Agnelli Clan Drags Italian Vineyards Into the 21st Century

By Publications Checkout
Agnelli Clan Drags Italian Vineyards Into the 21st Century

Italian wines for centuries evoked peasants with wicker baskets collecting grapes and barefoot villagers trampling the harvest. But the industry's little secret is that wine-making is quietly becoming mechanided, even in iconic areas like the Tuscan hills of Chiantishire.

At Marchesi Antinori, home of the "Super Tuscan" Tignanello and Solaia wines that sell for $95 to $225 a bottle, giant grape harvesters are roaring across the vineyards for its mass-market wines. The boss says mechanical picking is now mandatory for its best-seller Santa Cristina brand and other entry-level products, which account for more than 50% of its production of more than 20 million bottles a year. While that's happened downmarket, it's unlikely for its most famous cellars.

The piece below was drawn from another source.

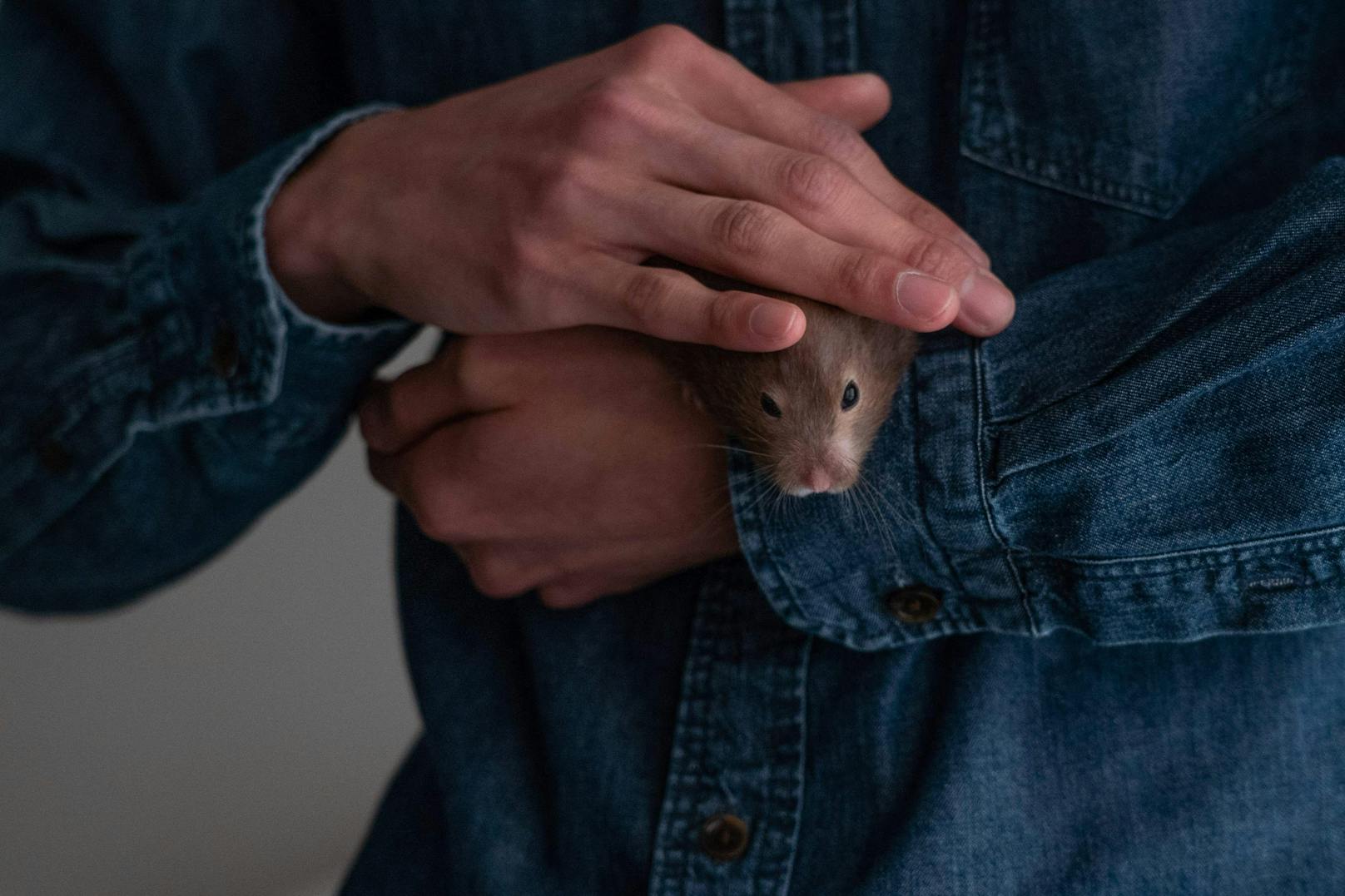 Die betroffenen Hamster wurden angeblich aus den Niederlanden importiert.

"Wine-making is like the car industry: for mass products automation is necessary, while for luxury products, like a Ferrari sports car or a bottle of Tignanello, craftsmanship and hand-made touches still play a decisive role," Renzo Cotarella, chief executive at Antinori, said in an interview at Antinori's futuristic headquarters carved into the hills.  "The quality of mechanical harvest is very similar to the by-hand one, it’s more a cultural barrier to overcome."

Controlling more than 50% of the niche wine-machination market is CNH Industrial, which was spun off from carmaker Fiat in 2011. Its New Holland Braud unit sells more than 400 grape harvesters every year, which start at about 200,000 euros ($220,000) and generate profit margins similar to an entry-level Ferrari sports car, said Carlo Lambro, president of the New Holland Agriculture brand.

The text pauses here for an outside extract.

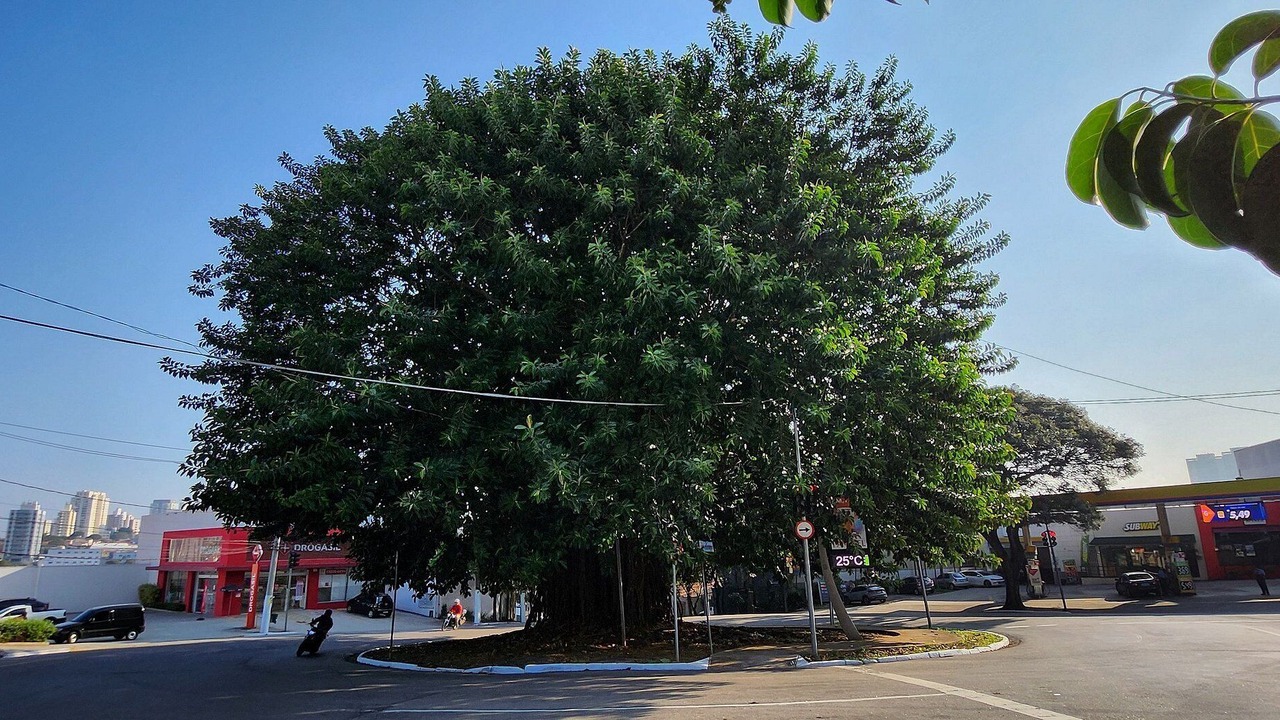Photo of Others in Sao Paulo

It's a small bright spot in an agricultural machinery industry suffering from a downturn in commodity prices.

Grape harvesters were introduced in France and the U.S. in the 1960s, and Braud built its first self-propelled grape harvester in 1975 in France, which remains by far its biggest European market. With skeptical farmers and difficult terrain, Italians have been slow to embrace the machines. At last count, in 2012, they owned about 2,600 harvesters, compared with 23,000 in France, according to research by Bologna University.

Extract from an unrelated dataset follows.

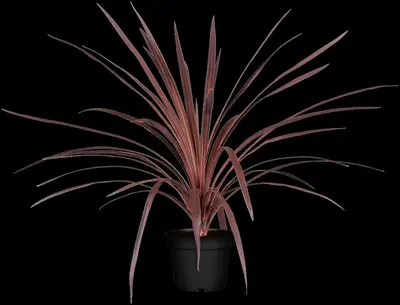 Cordyline australis 'Red Star' (Cordyline 'Red Star') - afbeelding 1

"We are facing a good year for grape harvesters, and we expect this positive momentum to continue,"  Lambro said in an interview at the Marchesi Antinori winery in the Chianti area. "Automation will keep on spreading."

Lambro said CNH Industrial has profit margins around 20% on the harvesters, without elaborating. CNHI is controlled by the Italian billionaire Agnelli family, which is also Fiat Chrysler and Ferrari's biggest shareholder via its Exor SpA holding.

Tractors immensely increase production. It takes two hours for a machine to harvest a hectare, compared with about 60 hours when done by hand.

Still, Tignanello vineyard managers see several reasons to keep laborers.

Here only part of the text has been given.